After our breakfast and our dose of local color, Honey and I went to the laundromat. She loved helping put wet clothes into the dryer and then later taking them out dry, and oh yeah, she loved pushing the carts back and forth. I wish you could hear the happy "Hunnnhhhh" sound she made while pushing around the empty baskets. She would have whistled if she knew how.



We also went to a car wash (whoooeee), an ATM machine (not so much fun), and a grocery store (lots of people to charm). When we got back home, we spent a very happy time listening to the wind, swinging in the swing, barking at the dogs, exploring the back of my station wagon, and watching leaves fall from the trees.

I love spending time with Honey, and with Katie and her friends.

And I also really long for some friends my own age.

We are meeting lots of local people - in our neighborhood, in our office building, at the Buddhist center, at the farmer's market, and oh yes, at the restaurant in Perryville. But its a challenge turning kindly strangers into real friends. I think I will need to cultivate an upbeat, open-for-anything attitude like Honey has. People seem to find it irresistible.

Meanwhile, I'm really grateful for the genuine warmth that is so common in this Southern culture. I'm cultivating that, too.

Sunday, November 1, 2009

Roots and Leaves

Yesterday, Katie and Honey came to make some food deliveries in town. I got to spend the morning with them. Honey was wearing her dragon costume hat. Here's a couple of shots of her, one with her mom and one with her dad. Everywhere we went, people cooed over Honey and I wondered what a baby thinks on her first Halloween. I mean, for all Honey knows, she's always going to wear costumes and make people smile. Why not?


Both Mick and I have hunched over our computers for way too many hours recently. He's working on a big poster project for Amtrak. Very exciting for him, but very tense, too.

I've been doing a family history research project while waiting for a client to get back to me. See, my dad's grandfather had a sister who lived on a farm outside of Little Rock some time ago. Dad came to visit "Aunt Angie" when he was a boy - in 1936 or so - and that was the last he ever heard of her. I wondered if maybe I could find out what happened to Angie White, maybe even find her grave.

I turned to a website called Ancestry.com where you can enter what you know about a person and if you are lucky, a leaf appears beside their name indicating that the Ancestry.com database has more information about that person. In no time at all - Bingo! - I found Angie and her husband in the 1930 census.

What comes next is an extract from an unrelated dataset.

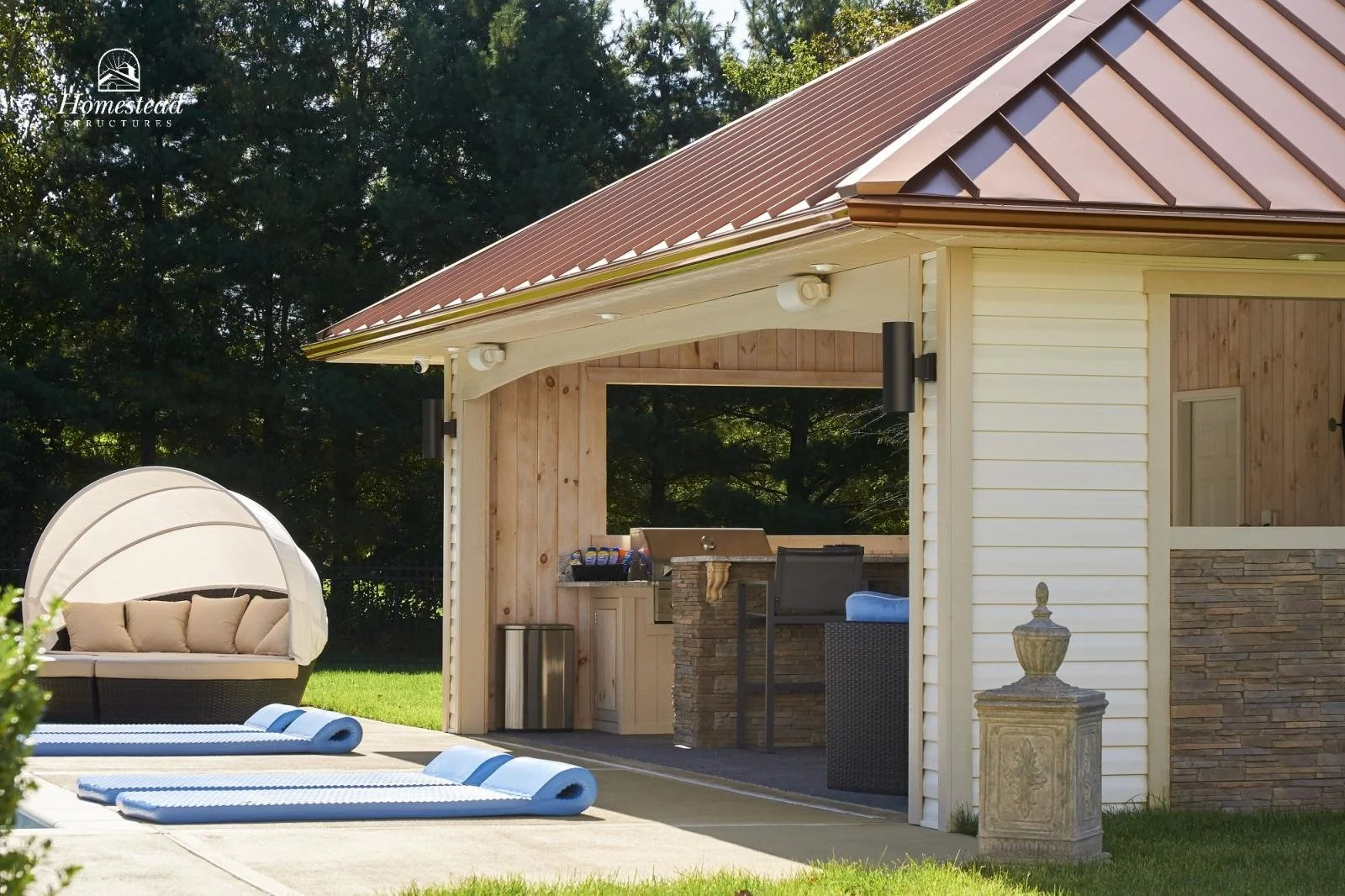 Outdoor backyard patio with a covered area featuring a barbecue grill, high-top counter with barstool, and an upholstered daybed with cushions, on a sunny day.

The Ancestry.com website should come with a warning label because it is so easy to get carried away. Before I knew what was happening to me, I lost several days and nights following leafy 'hints' at Ancestry.com, like an obsessed person. I told my sister Iris what I was doing because she's our family history expert. And Iris jumped into it with me: while I was sleeping, Iris would be adding new leaves and branches to the tree. Then I started adding Mick's family - more leaves, more leaves! - and now, our tree has over 750 people on it.

I tied myself up in knots tracing more and more details about more and more remote ancestors. Finally, I just needed to take a break. Mick did, too.

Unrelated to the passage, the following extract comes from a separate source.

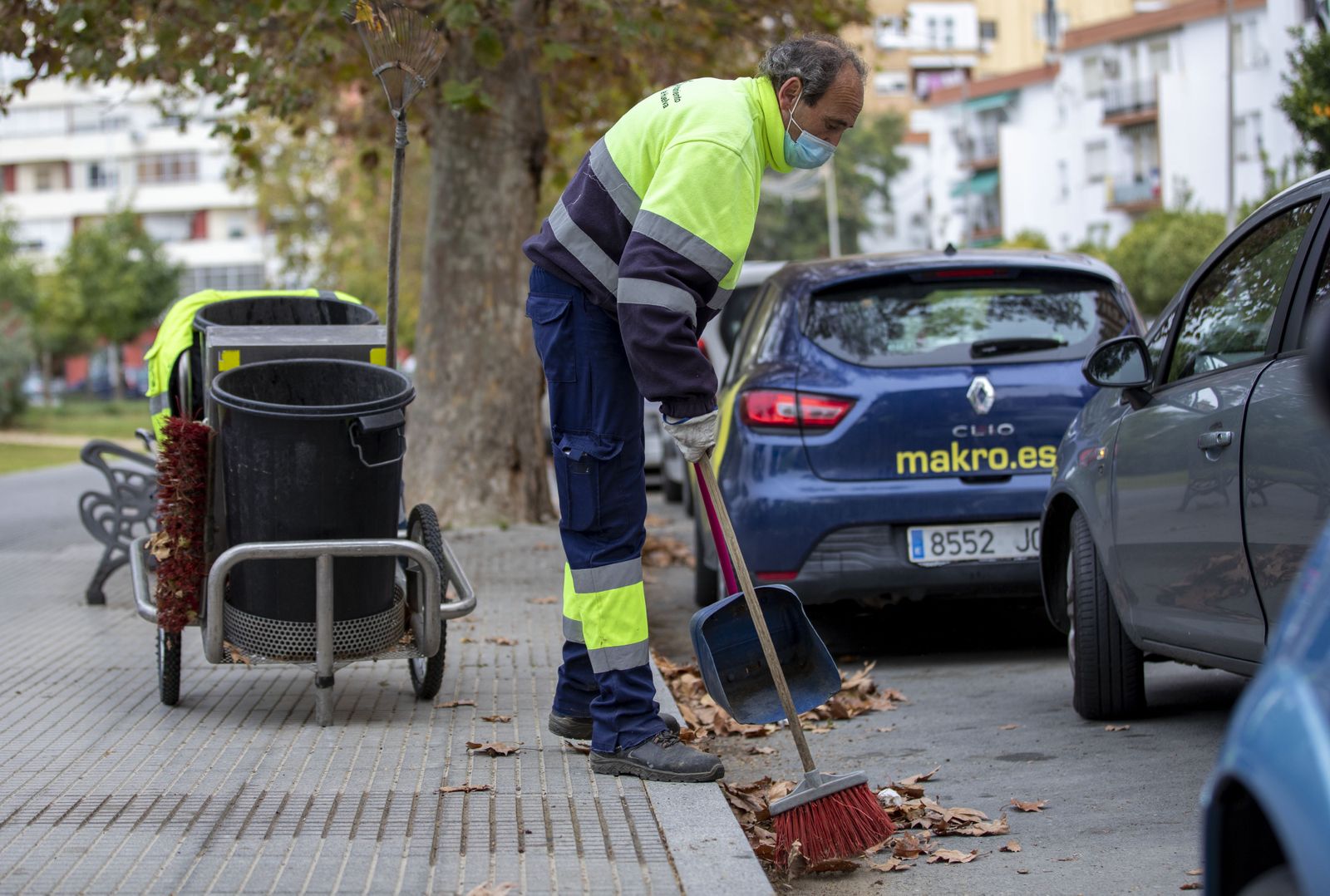 Un operario de limpieza recoge hojas caídas de árboles.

So yesterday, after our visit with Katie and Honey, Mick and I went to the Arkansas arboretum at Pinnacle Mountain State Park. Its a beautiful park overlooking the Arkansas river, just about 10 minutes from our home. We're continuing our quest to learn about all the gracious old trees in our neighborhood, and we hoped to pin down some details at the arboretum, like, what is the difference between a Red Oak and a White one?

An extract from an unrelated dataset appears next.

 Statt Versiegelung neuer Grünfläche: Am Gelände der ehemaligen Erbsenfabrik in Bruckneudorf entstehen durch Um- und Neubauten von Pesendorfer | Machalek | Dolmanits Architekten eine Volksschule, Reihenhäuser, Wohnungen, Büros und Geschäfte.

Unfortunately, nearly all of the trees at the arboretum had already dropped nearly all of their leaves on the ground. We learned a few things about bark and such, but we'll have to go back in the spring to learn anything more. However, we got ourselves some fresh air, some exercise, and a delicious break from our computers. We sat beside a creek listening to the crickets and woodpeckers chiming in with the babbling water and the wind.

Of course, we're both already back at our computer screens this Sunday afternoon. But hopefully, with a fresher outlook.

I miss my friends and hope you are all doing well. Write me back sometime. I would love to hear from you!